── Records for processing

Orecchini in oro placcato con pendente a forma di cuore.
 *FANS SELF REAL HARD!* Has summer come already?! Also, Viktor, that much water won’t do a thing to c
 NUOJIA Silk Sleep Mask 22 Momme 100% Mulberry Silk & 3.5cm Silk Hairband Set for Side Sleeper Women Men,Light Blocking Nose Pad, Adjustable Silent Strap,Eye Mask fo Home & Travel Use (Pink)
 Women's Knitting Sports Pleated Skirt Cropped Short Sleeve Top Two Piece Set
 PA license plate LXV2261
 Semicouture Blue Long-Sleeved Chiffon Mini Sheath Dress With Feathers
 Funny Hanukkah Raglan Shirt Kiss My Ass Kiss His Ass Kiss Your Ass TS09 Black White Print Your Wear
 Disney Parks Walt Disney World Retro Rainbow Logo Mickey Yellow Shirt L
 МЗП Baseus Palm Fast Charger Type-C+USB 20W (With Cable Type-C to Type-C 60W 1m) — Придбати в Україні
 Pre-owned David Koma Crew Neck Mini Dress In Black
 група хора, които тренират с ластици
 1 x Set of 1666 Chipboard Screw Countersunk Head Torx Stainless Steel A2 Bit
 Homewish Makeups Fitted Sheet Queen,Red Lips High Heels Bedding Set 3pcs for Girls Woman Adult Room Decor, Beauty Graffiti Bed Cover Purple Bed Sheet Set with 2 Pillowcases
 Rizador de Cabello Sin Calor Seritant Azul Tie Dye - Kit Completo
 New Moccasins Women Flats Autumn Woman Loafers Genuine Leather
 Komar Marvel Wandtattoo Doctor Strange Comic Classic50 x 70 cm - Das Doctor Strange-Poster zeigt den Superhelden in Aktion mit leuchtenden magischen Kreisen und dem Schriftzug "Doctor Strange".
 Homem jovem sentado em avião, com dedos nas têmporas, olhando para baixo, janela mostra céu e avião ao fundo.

────

What is needed: For the listing above, find how many lines hold the word "Women". Only the number should be written.

Result: 3